The point is this, if you can present your community guidelines in a concise manner to your community as they sign up, they are more likely to actually read them. Dating apps usually are very upfront with this. One example is Bumble who presents their community guidelines right as users sign up. If users get the short and sweet during the signup process with a link to expand, they can understand the general gist of what you’re getting at, instead of ignoring it altogether.
Be transparent and have consistency in moderating content
If you want to keep your community happy, you will want to start by laying out your community rules inside of your community guidelines. Your rules should be straightforward. What is not allowed in your community?
Lyft explains their rules in the context of their values in a positive light. For people not willing to comply with their rules, they include another section, “What if these guidelines aren’t for me?” where they tell their community, in short, these rules may not be for you, but if you are not going to follow them, you will be banned.
Rules are helpful as they lay out a framework for your moderators to consistently follow which provides your users with a sense of continuity and transparency. It puts all users on a level playing field.
Another measure of transparency is letting people know about your tolerance policy. Is there a penalty for repeat offenders? What will happen if the user goes against the community guidelines? Are you just removing their content or banning them as a whole? How much bad behavior is allowed?
Some platforms give users the ability to report content natively inside of their app. Google Help adds in their participation agreement, “If you believe that someone is violating these posting guidelines, flag their post or thread for review: […] Report Abuse.” You may want to consider laying out the workflow so your users can help you align your community with your guidelines.
Other best practices
- Keep your user guidelines updated. As your community evolves you may need to change certain facets of your guidelines to keep your community as you would like it and your brand reputation intact.

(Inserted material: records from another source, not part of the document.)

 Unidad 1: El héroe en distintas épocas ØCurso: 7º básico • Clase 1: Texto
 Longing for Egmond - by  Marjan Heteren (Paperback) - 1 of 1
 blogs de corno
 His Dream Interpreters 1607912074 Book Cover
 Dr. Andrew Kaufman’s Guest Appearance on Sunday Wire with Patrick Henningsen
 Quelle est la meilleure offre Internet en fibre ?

- Allow a space for open discussion about your community guidelines. Whether by email, on your channels, etc. Keep people involved so that if they have any problems, they can reach out to whoever is in charge. This can also help boost transparency.
- If you want to foster a strong community, try to refrain from being “power crazy,” for lack of a better term. If you see a conversation you do not like there are many opportunities to try to resolve the issue before taking drastic action such as banning a user. Some actions include steering conversations in other directions (in the case of public forums), or reaching out to community guideline breakers individually.

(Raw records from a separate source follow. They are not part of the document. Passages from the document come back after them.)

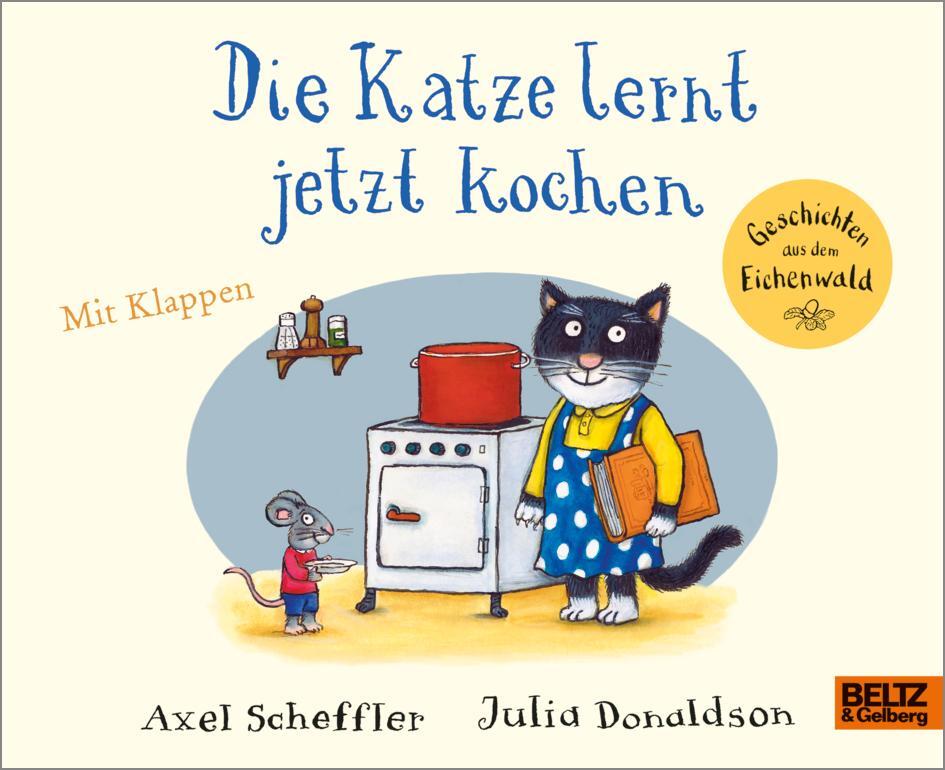Cover: 9783407755001 | Die Katze lernt jetzt kochen | Vierfarbiges Pappbilderbuch mit Klappen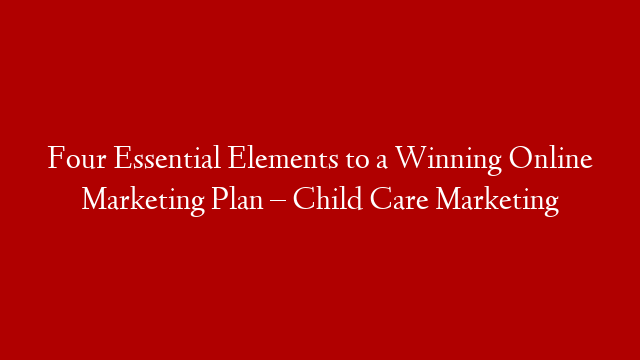Four Essential Elements to a Winning Online Marketing Plan – Child Care Marketing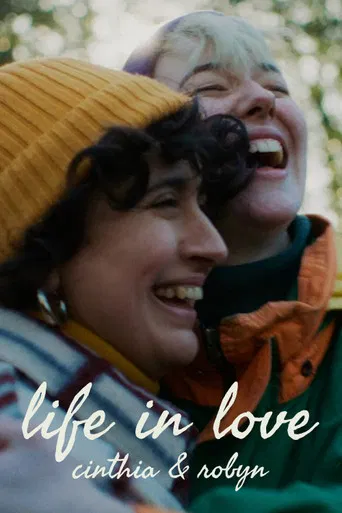 Life in Love: Cinthia & Robyn poster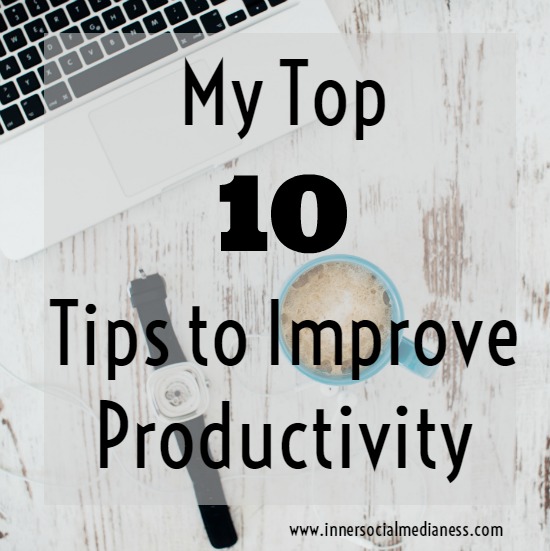 My Top Ten Tips to Improve Productivity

- Do not be afraid to have fun with it if it makes sense for you. Many of the community guidelines examples linked above help set the tone they would like for their community right from the beginning.
When you create strong community guidelines and present them in an upfront manner to your users you are laying the foundational bricks for what your community will become. Your guidelines are important to fostering a healthy community, so take the time to encourage your community using the best practices described above.